(Information provided)
◆ ◆ ◆ ◆ ◆

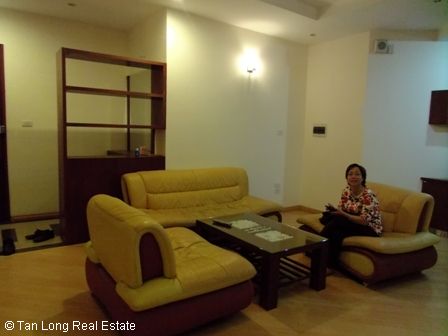 3 bedrooms Apartment in Cau Giay, Vietnam No. 5116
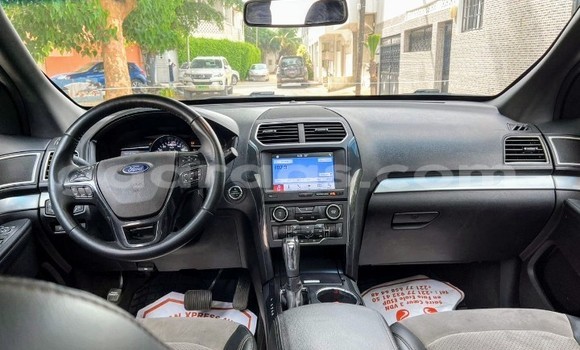 Acheter Occasion Voiture Ford Explorer Autre à Dakar, Dakar Acheter Occasion Voiture Ford Explorer Autre à Dakar, Dakar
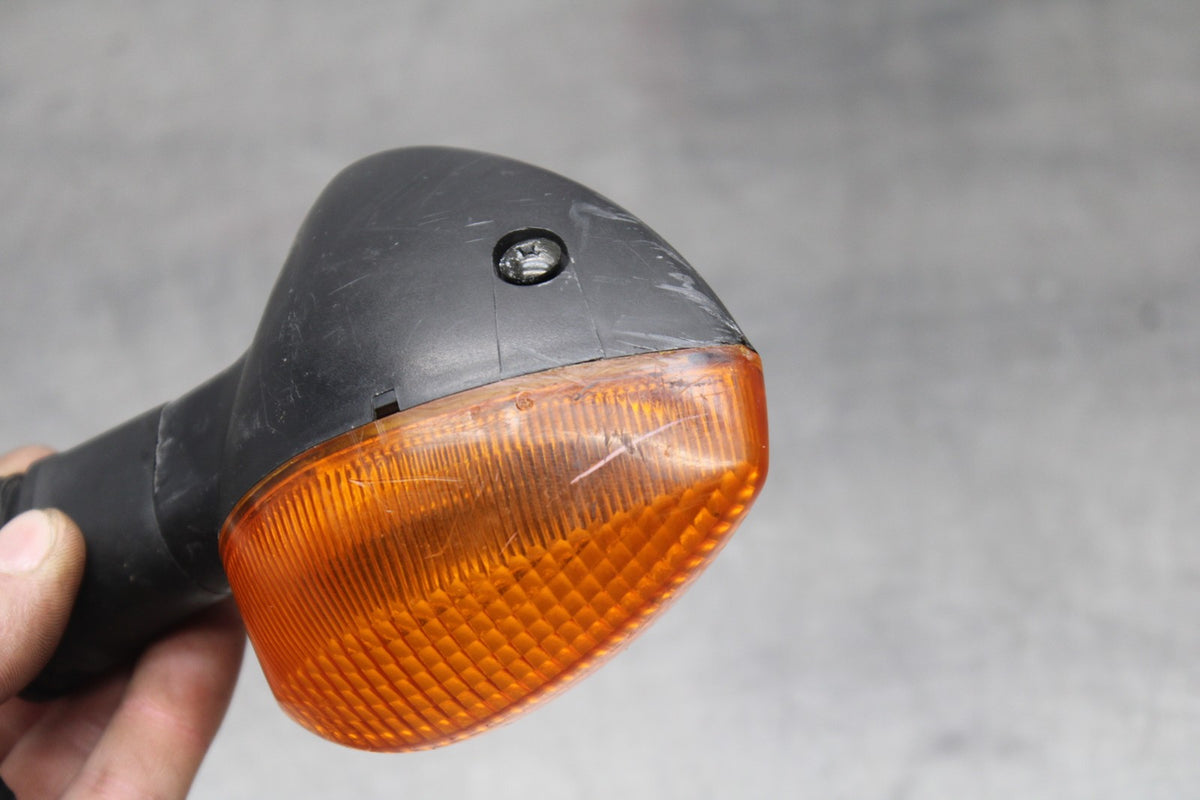 05 YAMAHA YZF R6 RIGHT FRONT TURN SIGNAL LIGHT INDICATOR BB814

◆ ◆ ◆ ◆ ◆

(Exercise prompt) Output the material word for word, omitting its pictures.

(Response to the exercise)
 3 bedrooms Apartment in Cau Giay, Vietnam No. 5116
 Acheter Occasion Voiture Ford Explorer Autre à Dakar, Dakar Acheter Occasion Voiture Ford Explorer Autre à Dakar, Dakar
 05 YAMAHA YZF R6 RIGHT FRONT TURN SIGNAL LIGHT INDICATOR BB814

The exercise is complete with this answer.